# Task directions
Leaving out the pictures, return word for word the stretch of entries below from the line holding "SC license plate XOE063" through the line holding "Costway 7FT Trampoline".

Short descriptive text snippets
---

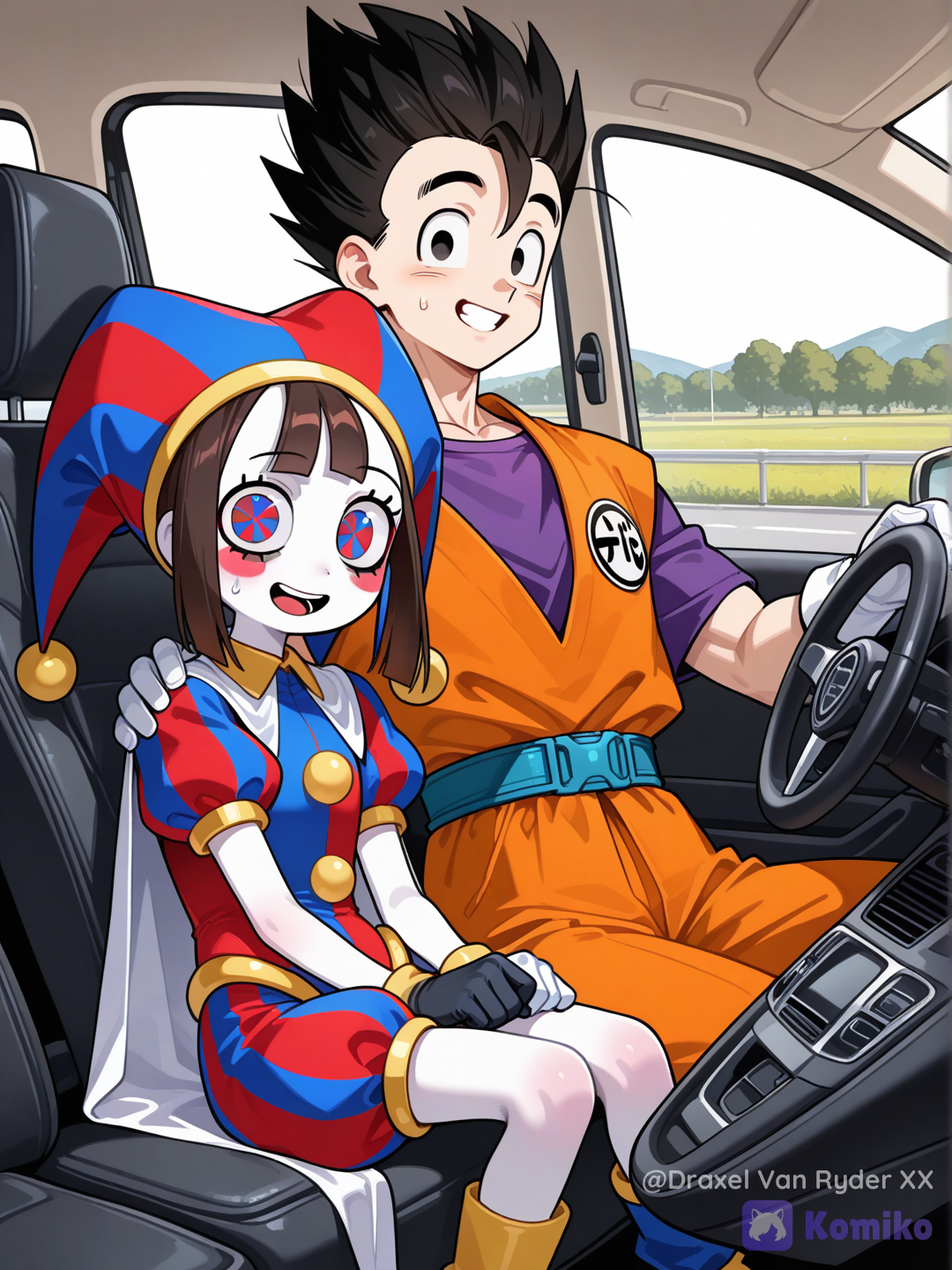 Gohan y Pomni viajan juntos en carretera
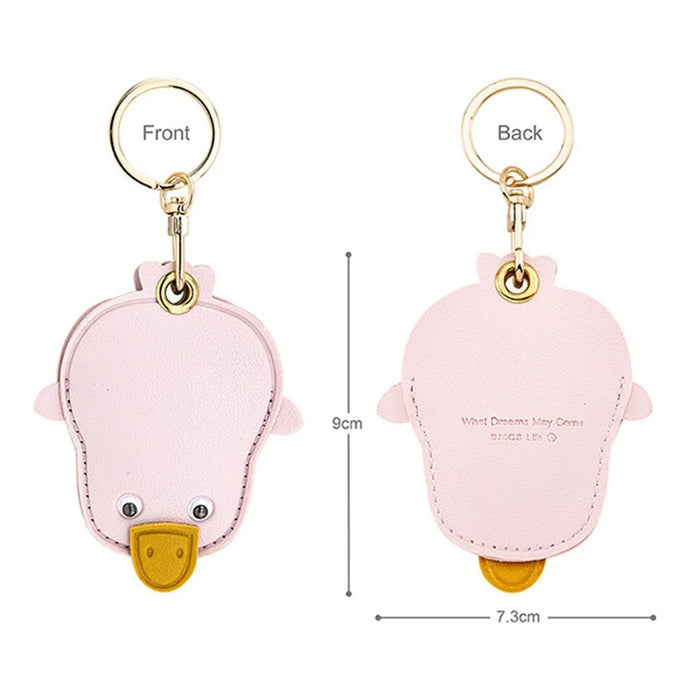 BMCS LIFE Cute Access Card PU Leather Protective Cover Keychain Car Key Ring Bag Pendant - Duck - 6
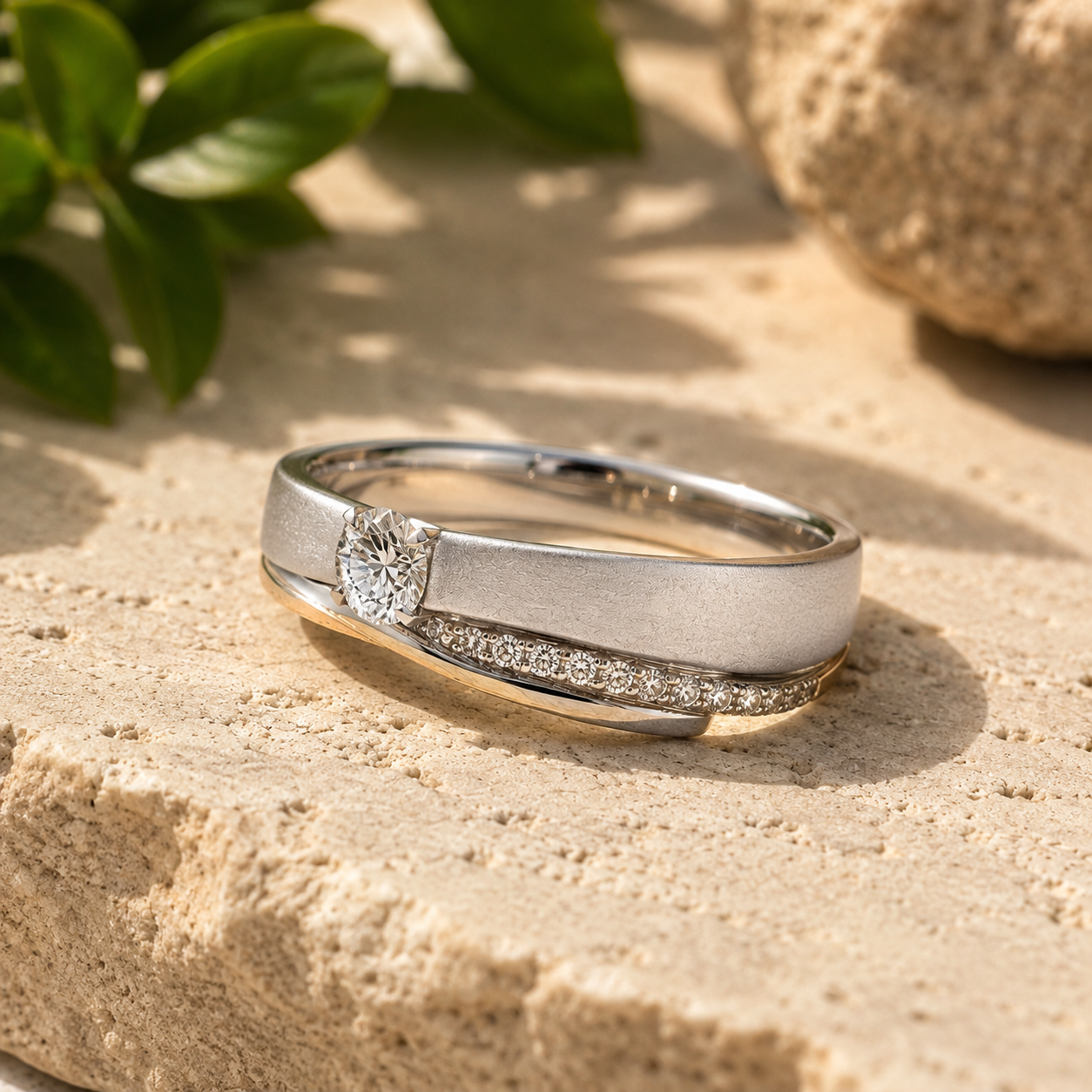 Solitaire Rose & White Gold Diamond Ring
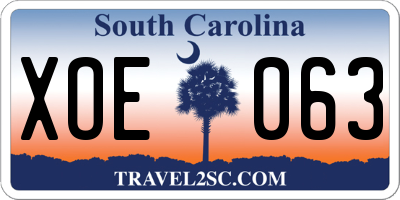 SC license plate XOE063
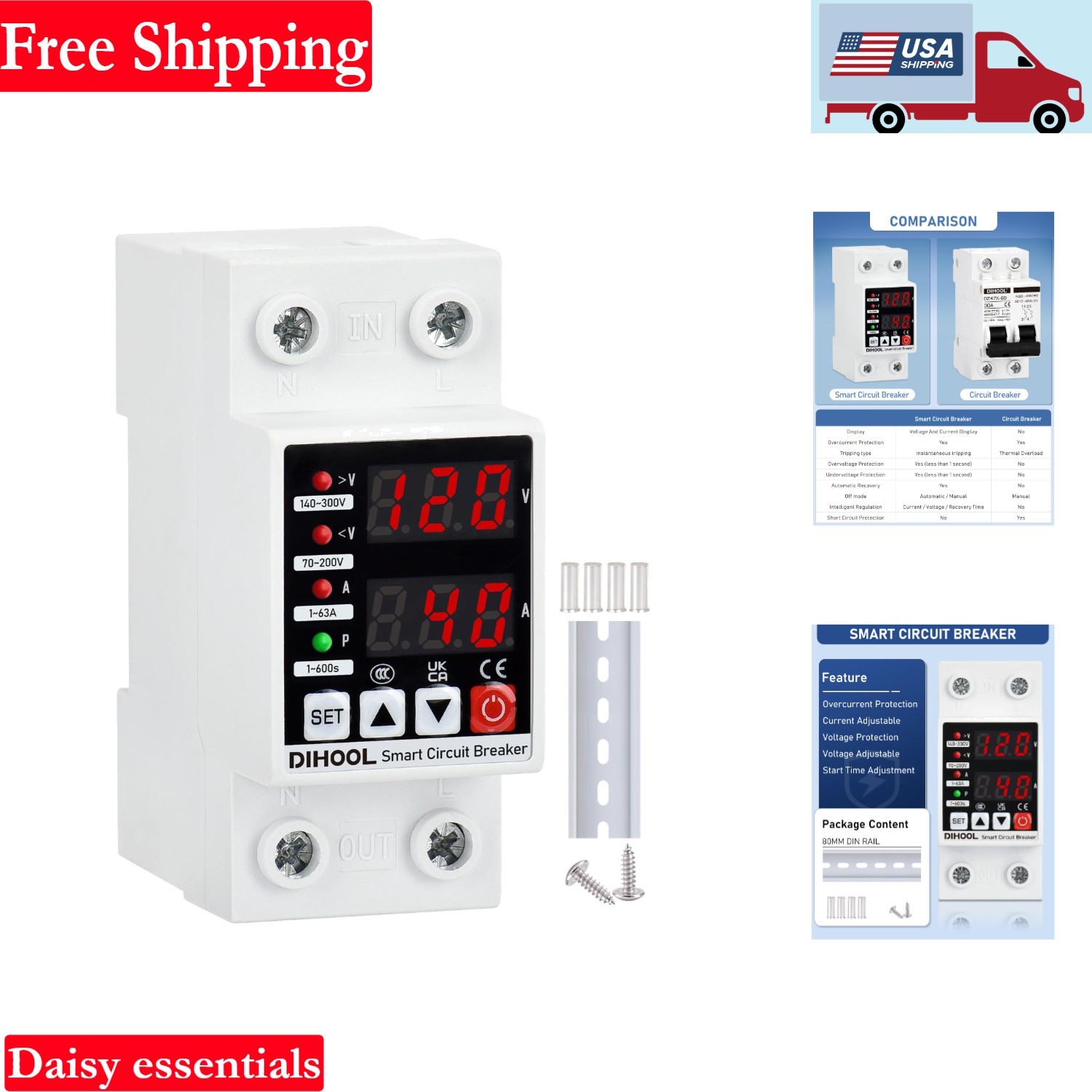 Adjustable Voltage Protector 0V-220V 63A Overcurrent & Overvoltage Cutoff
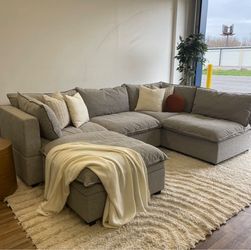 Large Gray Fabric Cloud Sectional Sofa with Ottoman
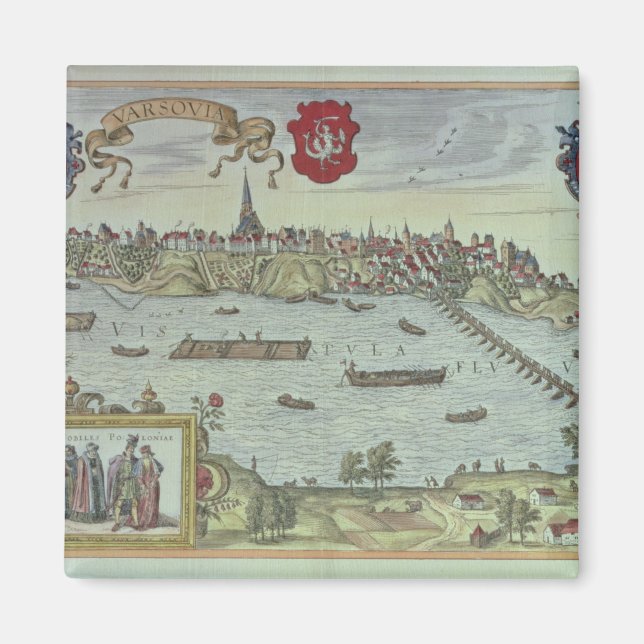 Imán Vista de la ciudad de Varsovia al lado del río Vis (Frente)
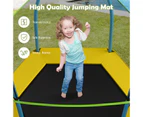 Costway 7FT Trampoline Kids Trampolines w/Spring Mat Safety Enclosure Net Indoor Outdoor Toys Fun Gift Green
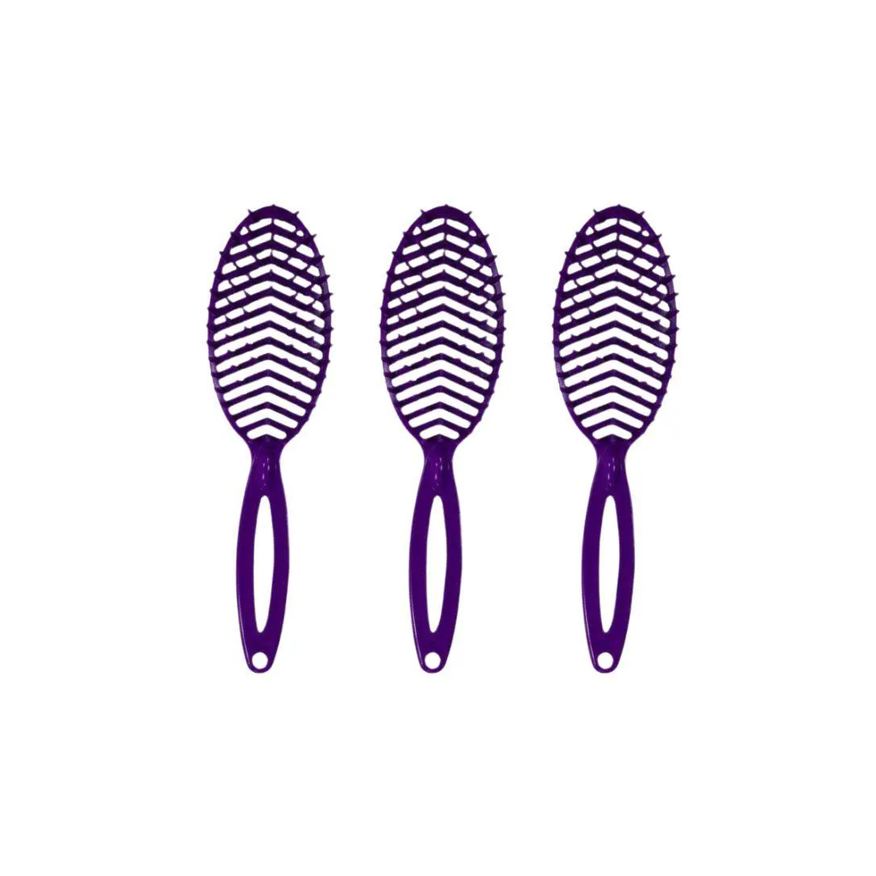Darma Escova de Cabelo Flex Oval Roxa - Kit C/ 3un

---

# Written reply
 SC license plate XOE063
 Adjustable Voltage Protector 0V-220V 63A Overcurrent & Overvoltage Cutoff
 Large Gray Fabric Cloud Sectional Sofa with Ottoman
 Imán Vista de la ciudad de Varsovia al lado del río Vis (Frente)
 Costway 7FT Trampoline Kids Trampolines w/Spring Mat Safety Enclosure Net Indoor Outdoor Toys Fun Gift Green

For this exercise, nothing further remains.